A surge in global sales offset a dismaying drop in North American sales, and helped Under Armour Inc. beat analysts' estimates for revenue and profit in the fourth quarter of 2018. Analysts also said the cheery news was helped by severe cost-cutting while avoiding discounts and selling more sneakers at full price during the holiday shopping season.
The performance sportswear maker reported a net income of $4.2 million in the fourth quarter ended Dec. 31. This compares to a loss of $87.9 million in 2017 when it absorbed a one-time charge related to changes in the U.S. tax law. Net revenue rose 1.5 percent to $1.39 billion, inching slightly past analysts' estimates of $1.38 billion.
Under Armour earned 9 cents per share (excluding one-time items), beating analysts' average estimate of 4 cents, according to Refinitiv. Adjusted gross margins rose 160 basis points to 45.1 percent, beating analysts' expectations of 44.8 percent.

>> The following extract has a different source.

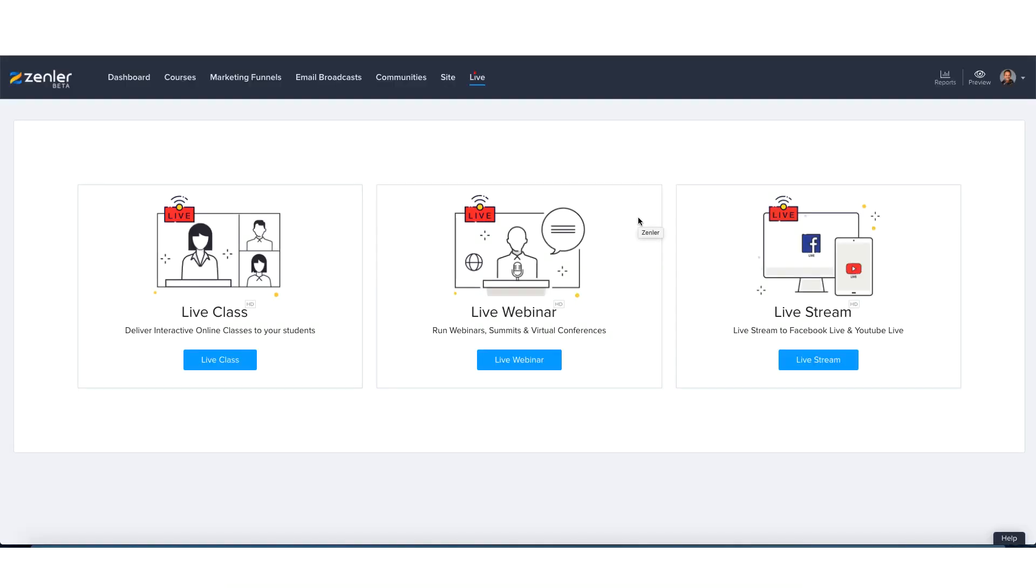In today's tutorial, we're going to be going live. What that means is we're going to be doing a live stream directly to a Facebook page or Facebook group. As you'll see now in your admin side, you have Live Class, Live Webinar, and Live Stream.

Class A common shares rose 3.8 percent to $21.58, indicating investors were not too concerned about the disappointing current-quarter revenue forecast for North America, its biggest region.
Excessive inventories plagued Under Armour for most of 2018, forcing the company to turn to discount chains to boost sales but at much reduced prices. This move hammered margins while boosting costs, however.
These twin whammies forced Under Armour to shutter underperforming stores, fire employees and slash product sourcing costs. The reduction in inventory levels plus higher demand for sportswear during the holiday season gave Under Armour enough room to scale back discounts and hike margins.
In addition, online markdowns during the peak holiday period were about 10 percent to 20 percent lower compared to 2017, said analysts.
Under Armour's travails in the U.S. and Canada continued in 2018. North America sales plummeted 6 percent in the face of much stiffer competition from rival Nike Inc., which lit up its holiday sales with hot product launches.
In contrast, Under Armour forecast a single-digit percentage drop in first-quarter North America sales. The absence of any major product launches in the next few months leaves analysts skeptical the company can produce a sales recovery in North America any time soon.
"It would appear that Under Armour has hit a ceiling domestically," according to Nomura Instinet.